## What is required
Would you copy the lines below exactly and omit the images?

## Supplied information

##############################

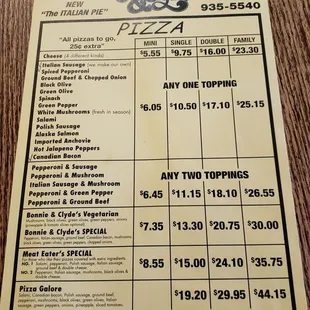 menu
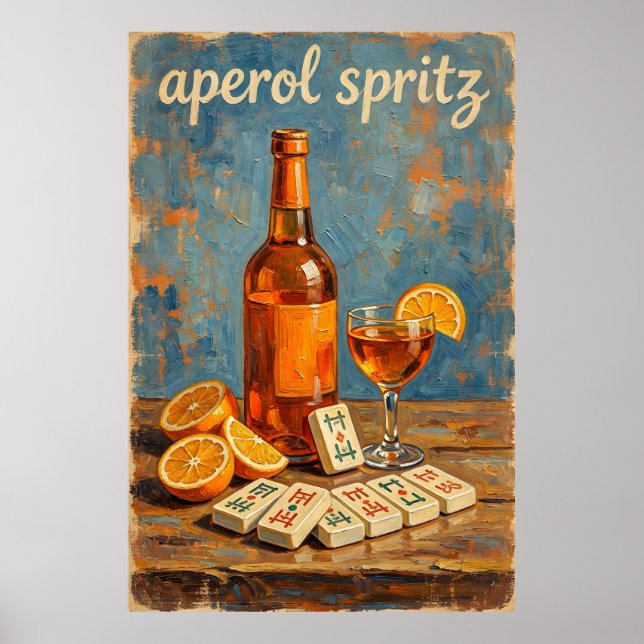 Vintage Cocktail Mahjong Retro Poster (Front)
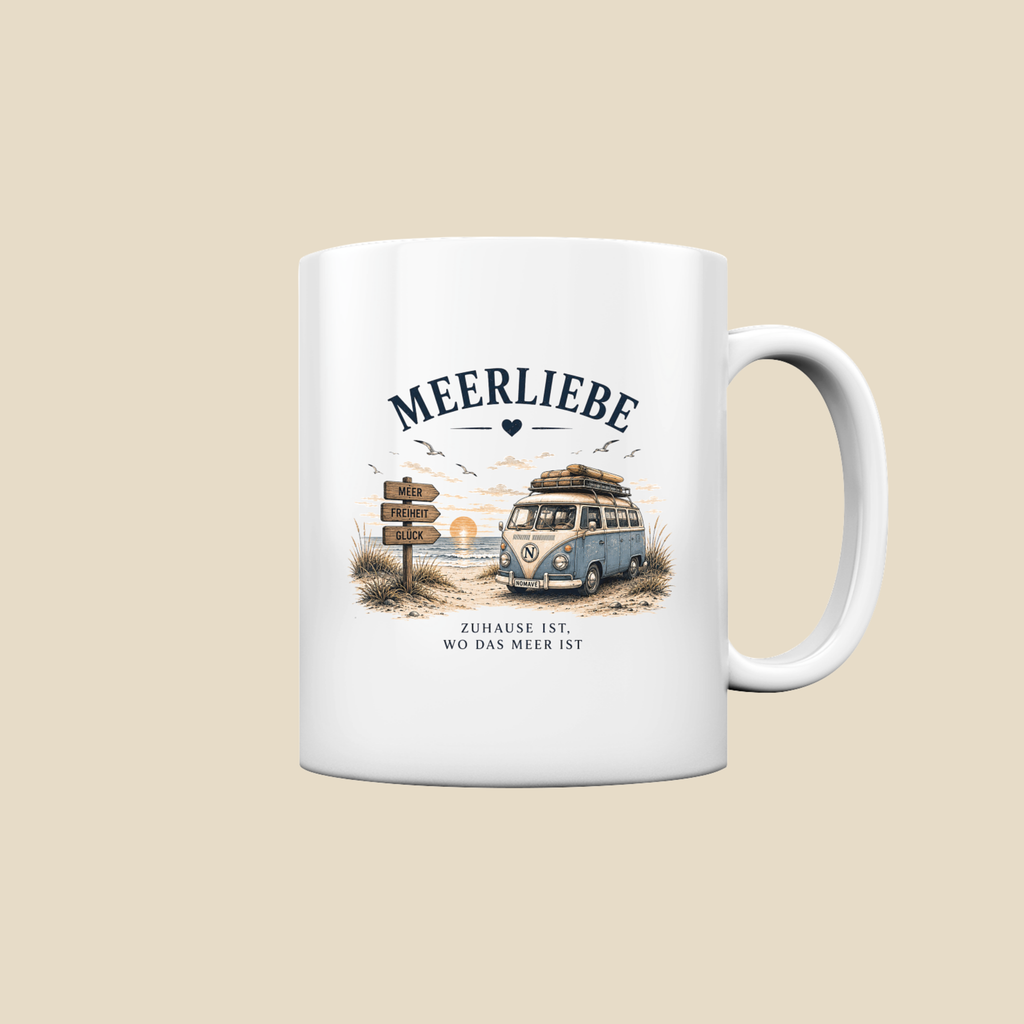 Meerliebe Vanlife – Keramik Tasse glänzend 330 ml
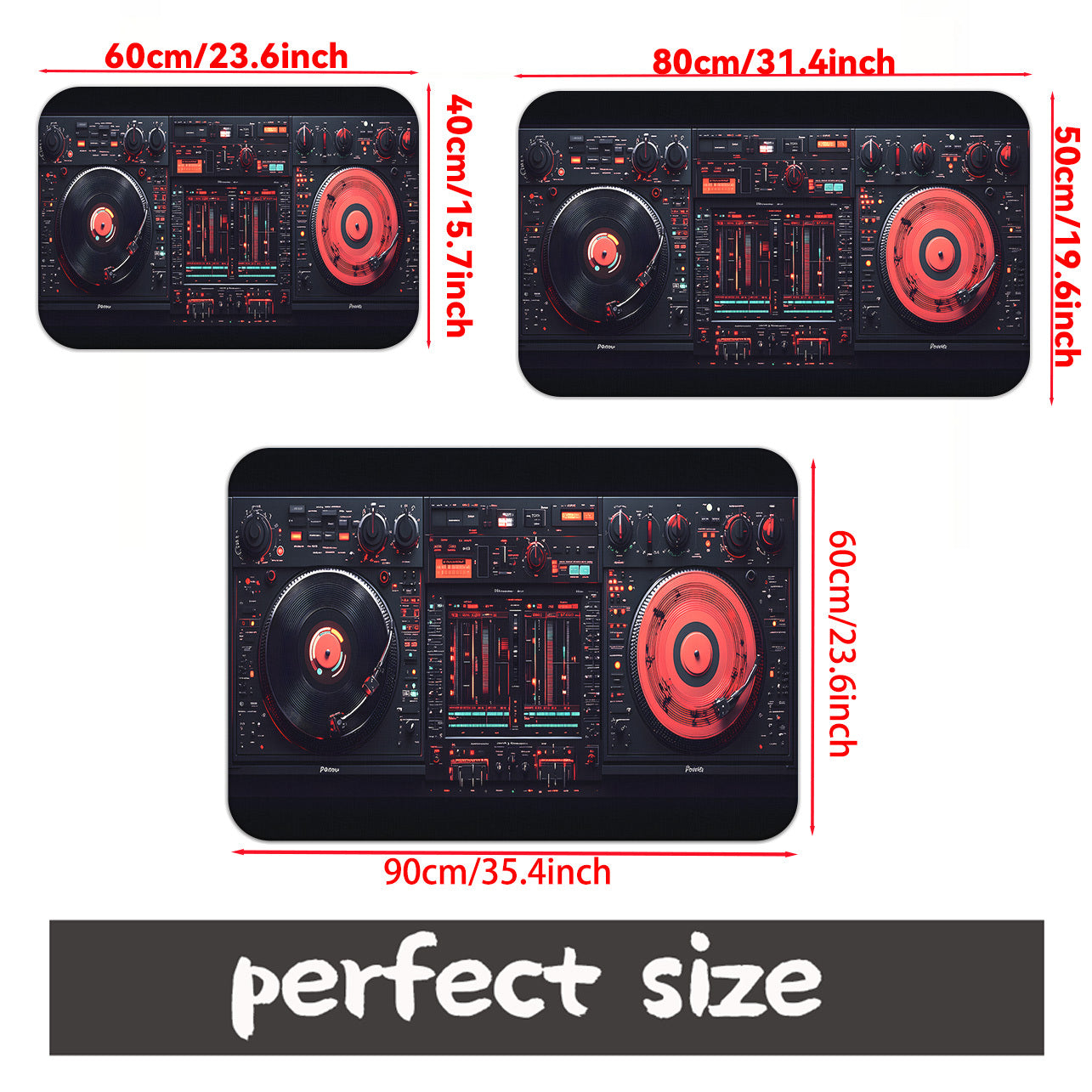 1pc DJ Mixer Equipment Pattern Door Mat - 700gsm Heavy-Duty Non-Slip Microfiber Absorbent Machine Washable Polyester Mat with DJ Mixing Board Design, Rectangle Shape For Bathroom, Bedroom, Living Room, Camping & Picnic Rugs,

##############################

## Reply to the task
 menu
 Vintage Cocktail Mahjong Retro Poster (Front)
 Meerliebe Vanlife – Keramik Tasse glänzend 330 ml
 1pc DJ Mixer Equipment Pattern Door Mat - 700gsm Heavy-Duty Non-Slip Microfiber Absorbent Machine Washable Polyester Mat with DJ Mixing Board Design, Rectangle Shape For Bathroom, Bedroom, Living Room, Camping & Picnic Rugs,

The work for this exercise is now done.